さて、なぜこんな話になったかというと、ひょんなことから100周年の同日、つまり2024年の12月1日に錫杖の「注文の多い料理店」を登ろうという話になったからだ。
錫杖といえば色々な文学作品のタイトルがルート名として付けられているが、「注文の多い料理店」はその中でも代表的な人気ルートで、クライミングとしても「色々な要素が詰め込まれている」まさに注文の多いルートである。
私自身、錫杖は過去に冬の北沢大滝~本峰正面ルンゼ(23年2月)、注文(23年9月)、見張り塔からずっと(23年10月)、グラスホッパー(24年2月)など4回ほど訪れているが、実は錫杖のあの雰囲気が結構好きで、もっと登りたいなと思っているのであった(アプローチも比較的いいし)。しかし岩のルートを冬期登攀するいわゆる冬壁はやっていない。
しかーし、しかしだよ奥さん。標高2000m前後の錫杖岳、12月ともなると雪がついている(はず)。そして注文の多い料理店は岩、フリークライミングのルートである。つまり今回は冬壁登攀となる。冬の錫杖はクライマーたちのイーハトーブですよ旦那。
ああ、これは辛い奴だなと思いつつ、100周年、それも刊行した日に登るなんて一生に一度のチャンス、二度と訪れないので是非やろうという気持ちになった。何が何でもやるぞー。雨?知らんがな。

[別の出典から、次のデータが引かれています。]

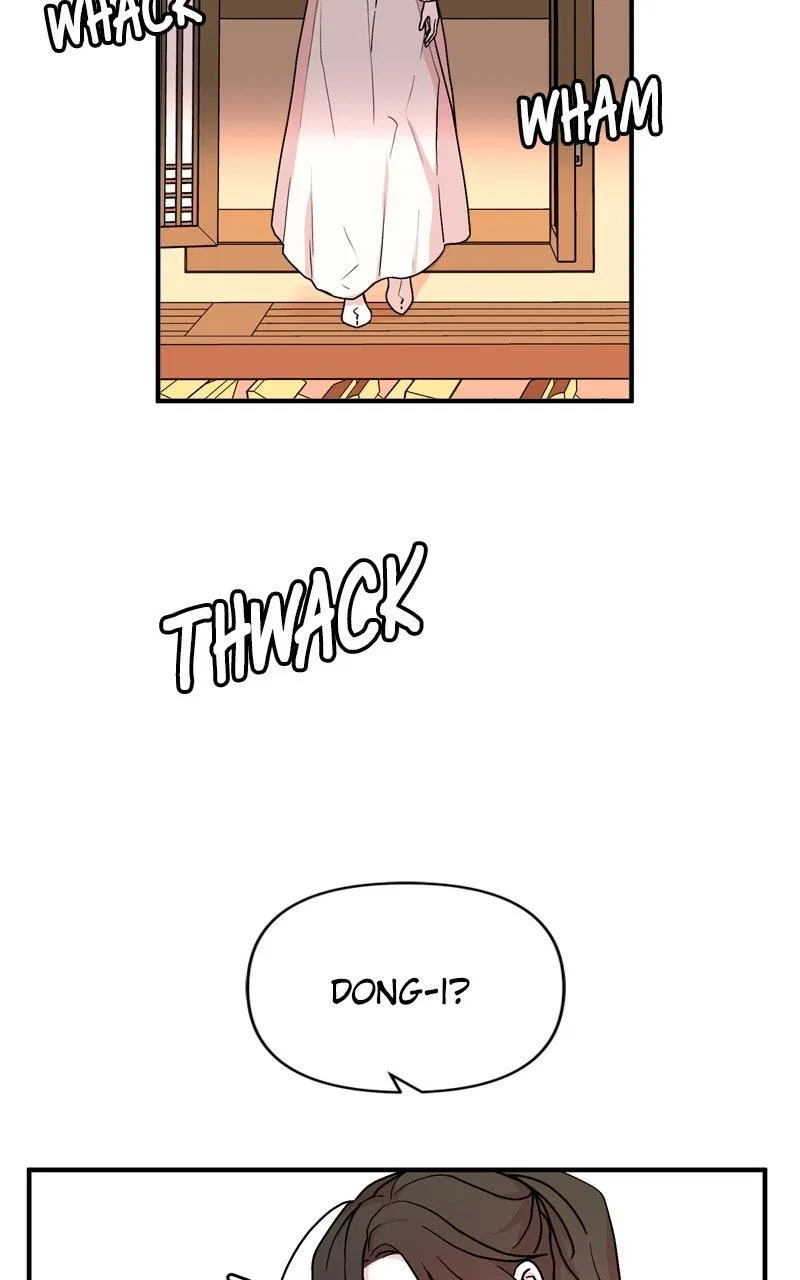 Fox Love Story Chapter 44 – Page 28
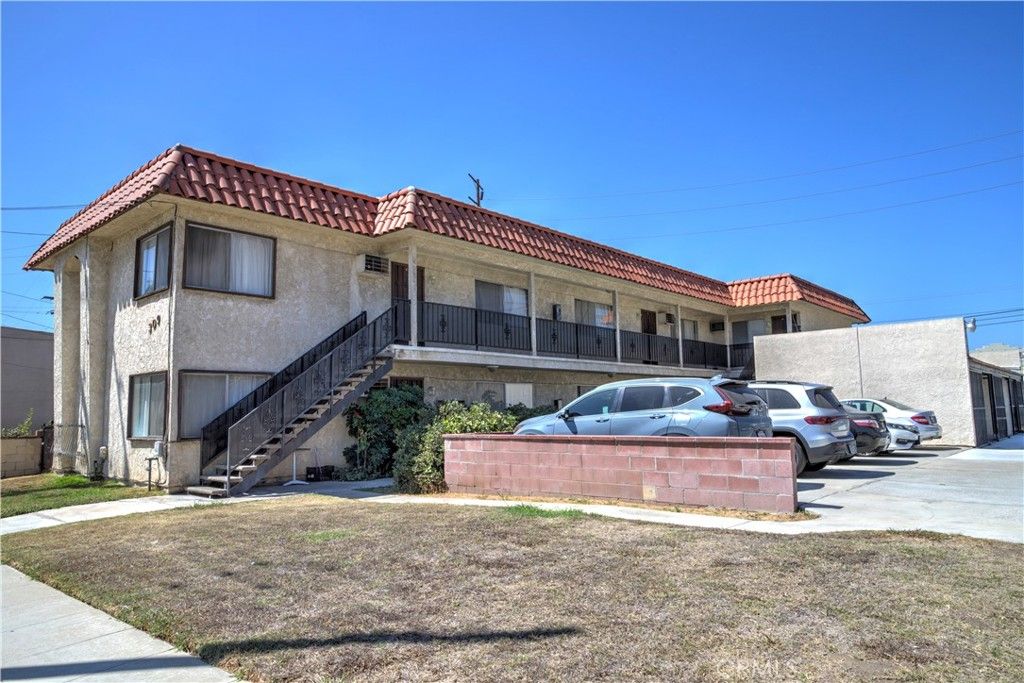 309 S Del Mar, San Gabriel, CA 91776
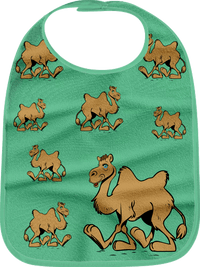 Cool Camel Bibs 1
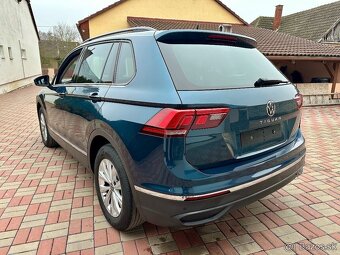 Volkswagen Tiguan 2.0 TDI 110kw - 4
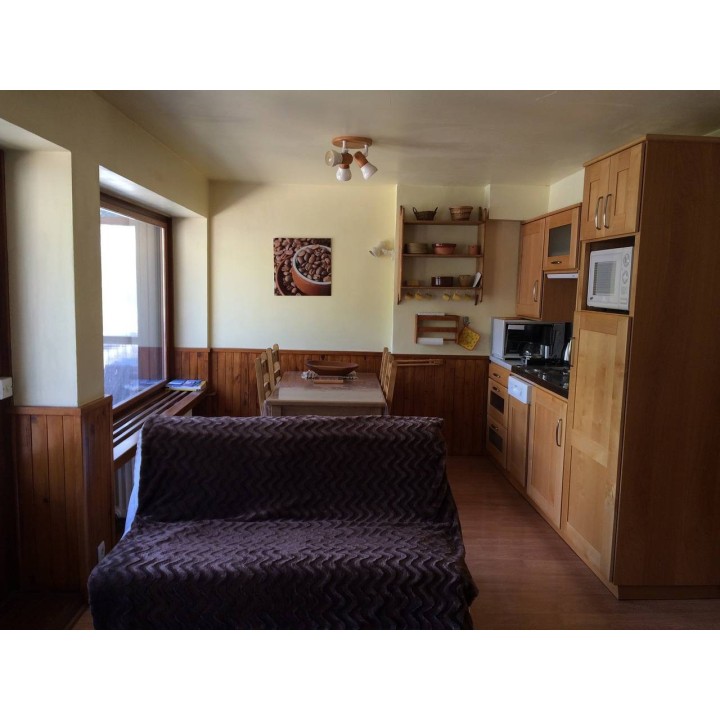 Ferienwohnung in Savoie ab 40€ pro Nacht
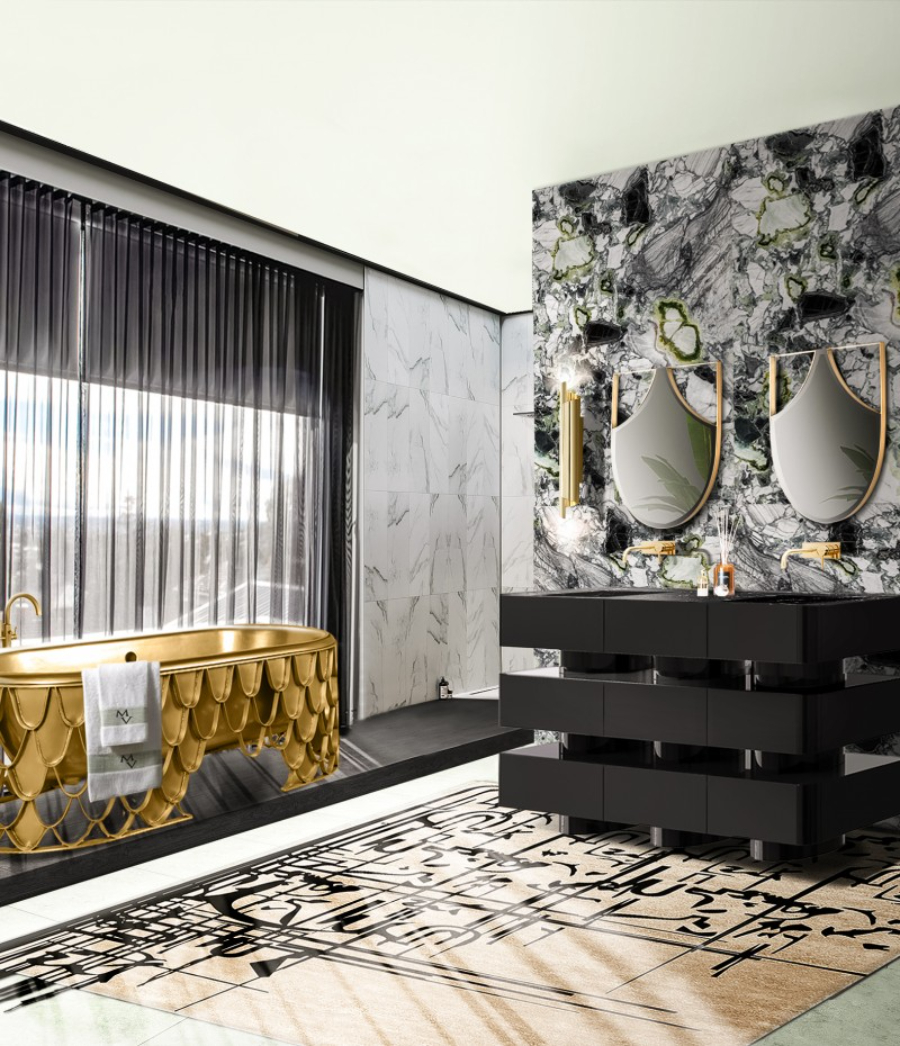 iSaloni 2022 The World Of Home Interior Design - Maison Valentina Ambiance home inspiration ideas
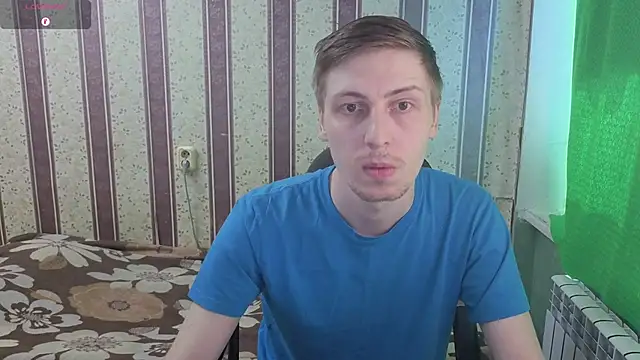 Darien_Brown: вебкам-шоу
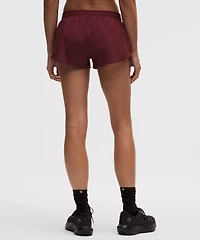 Hotty Hot Low-Rise Lined Short 2.5"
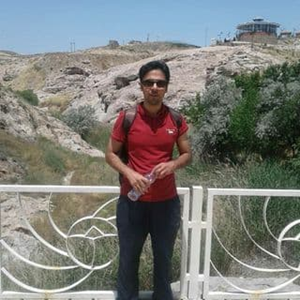 محمد مصلح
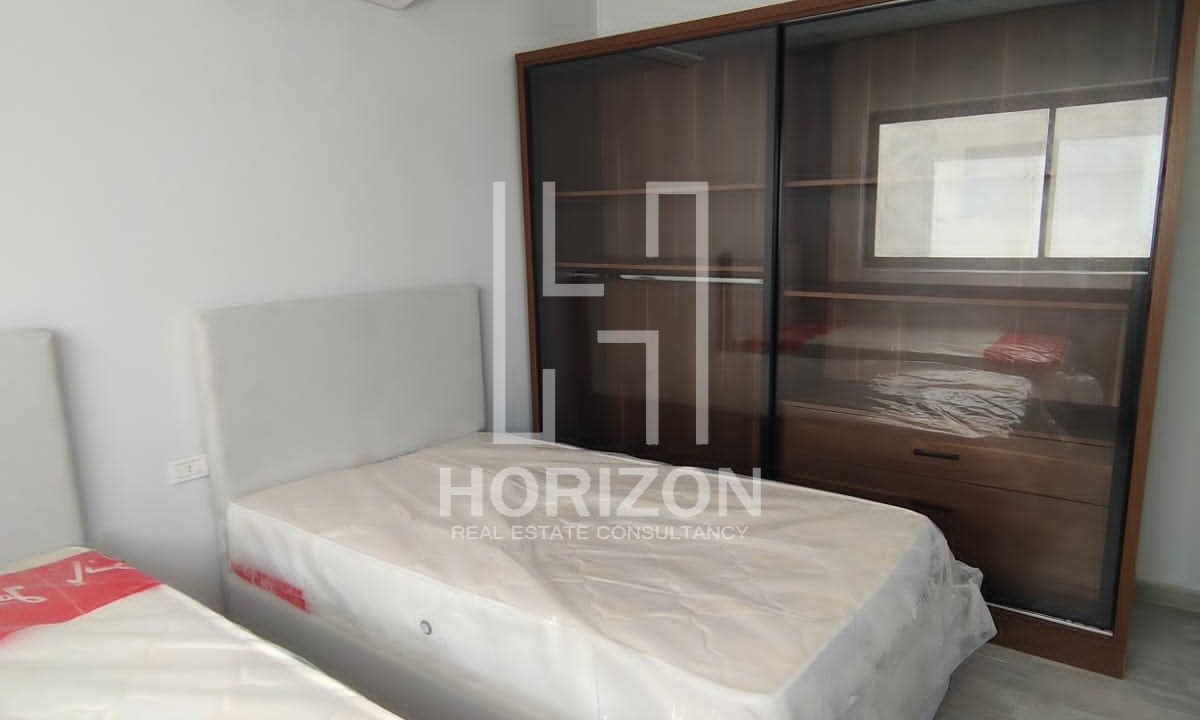 شقة فى ليك فيو ريزيدنس التجمع الخامس القاهرة الجديدة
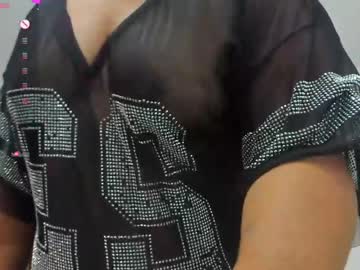 Freya_Vixen April 10, 2025 Chaturbate stream image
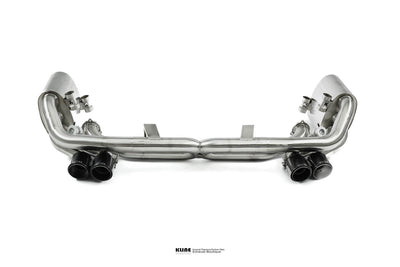 997.2 Carrera/GTS Headers
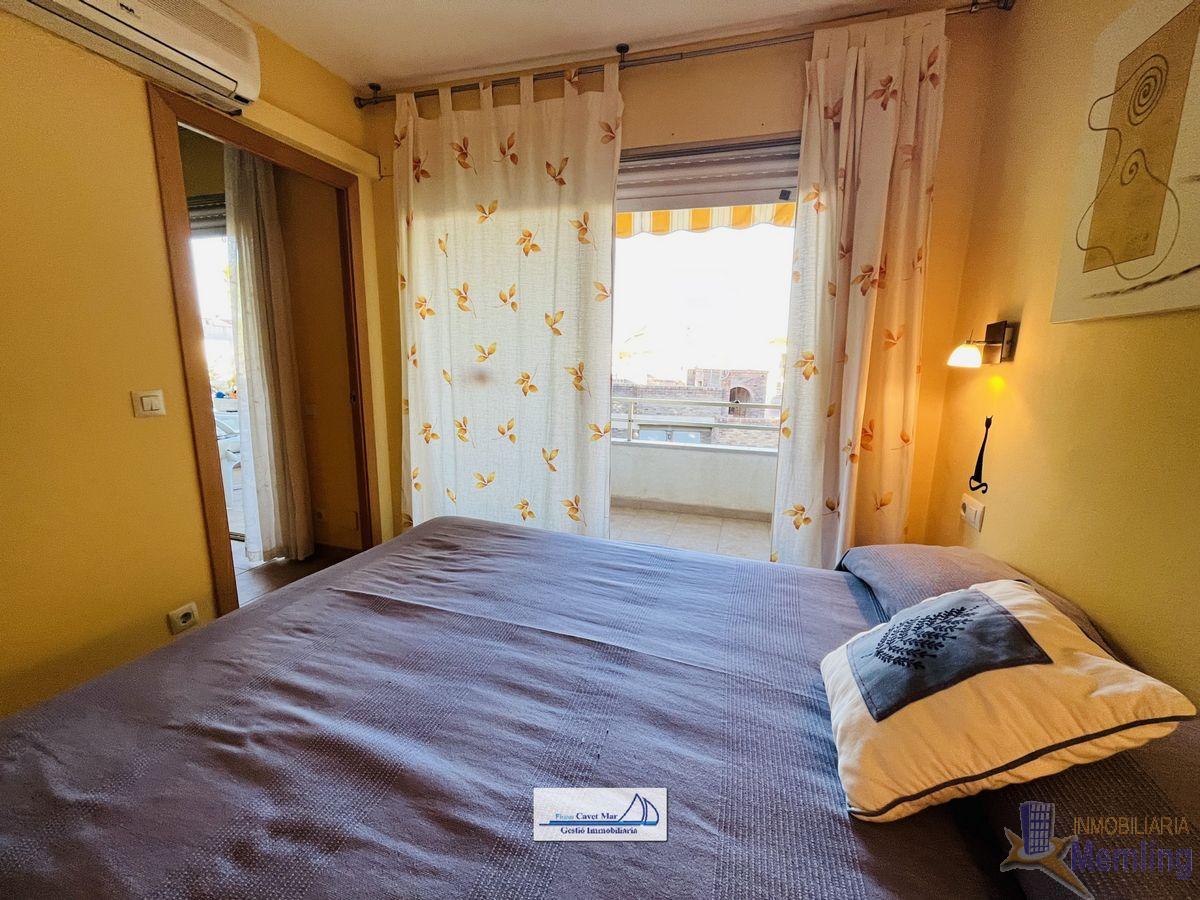Verkoop van appartement in Cambrils
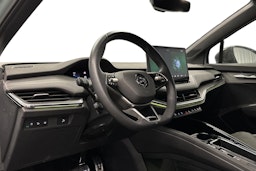 hopea Skoda Enyaq 2025 kuva 3.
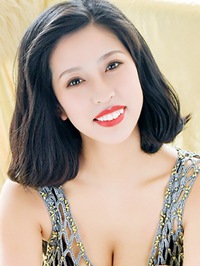 Asian woman Meina (Rae) from Fushun, China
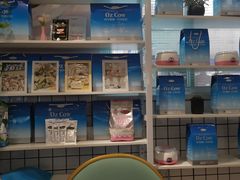 零售区-梁子刨冰王&梁小糖(王顶堤店)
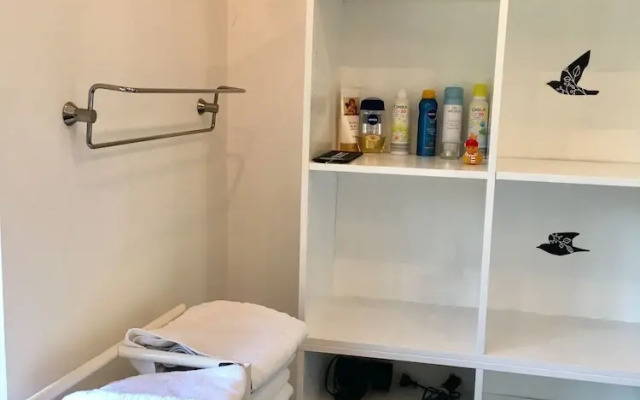 Sonnenhof Ferienwohnungen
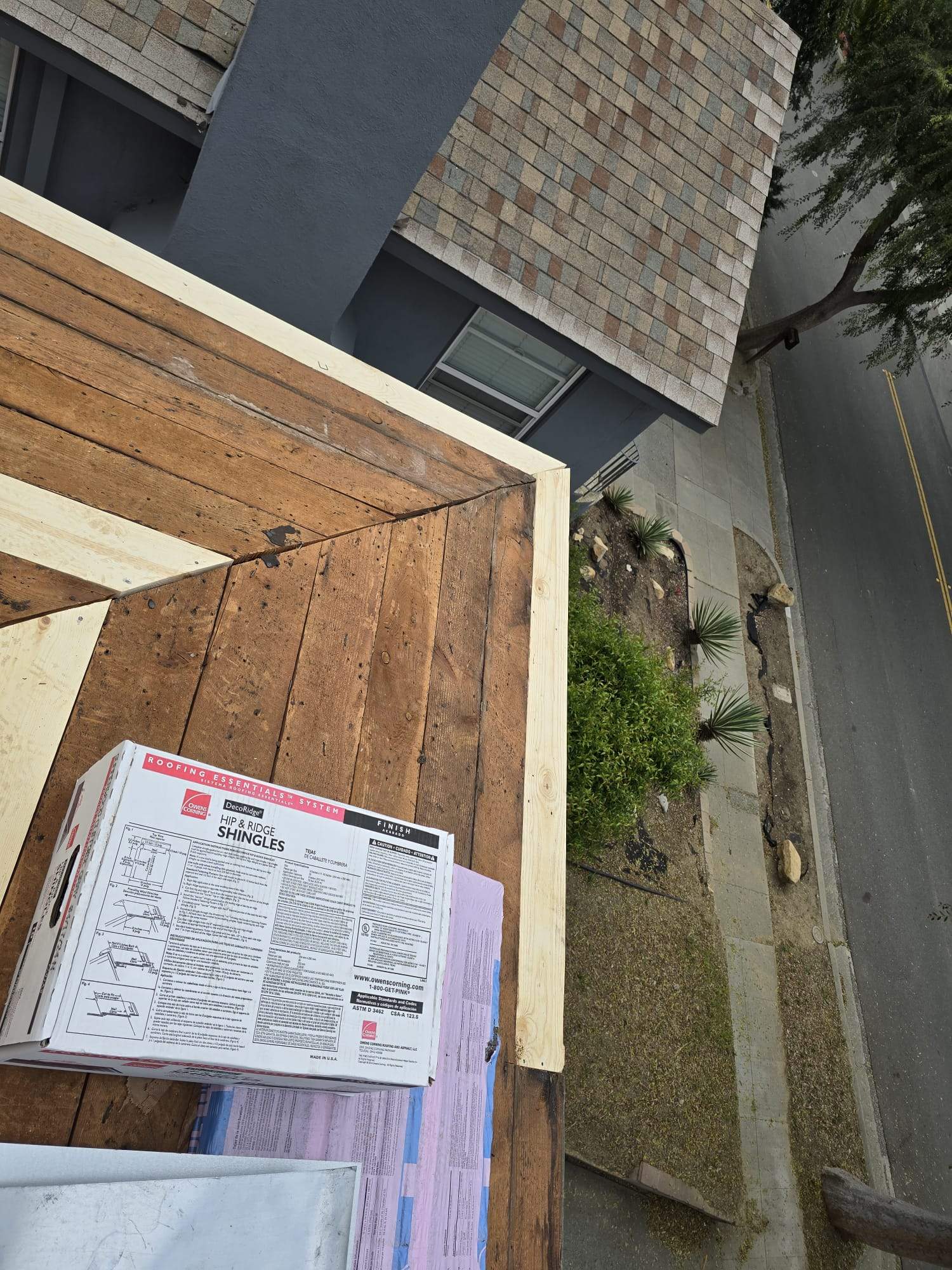 Roof Replacement - South Pasadena, CA 91030 by Epic Roof Replacement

というわけで、前哨戦?としてまずは宮沢賢治を知ろうという気持ちになり、急遽東北の旅に出かけ、宮沢賢治の墓所、イーハトーブ館、宮沢賢治記念館、Cafe山猫軒などを訪れたのであった(本命はぼのぼのの作者、いがらしみきおさんの生まれ故郷、つまり聖地巡礼であったことは秘密である)。東北はいいところだ。なんだかんだ宮沢賢治のことは知らなかったのでいい勉強になったのである。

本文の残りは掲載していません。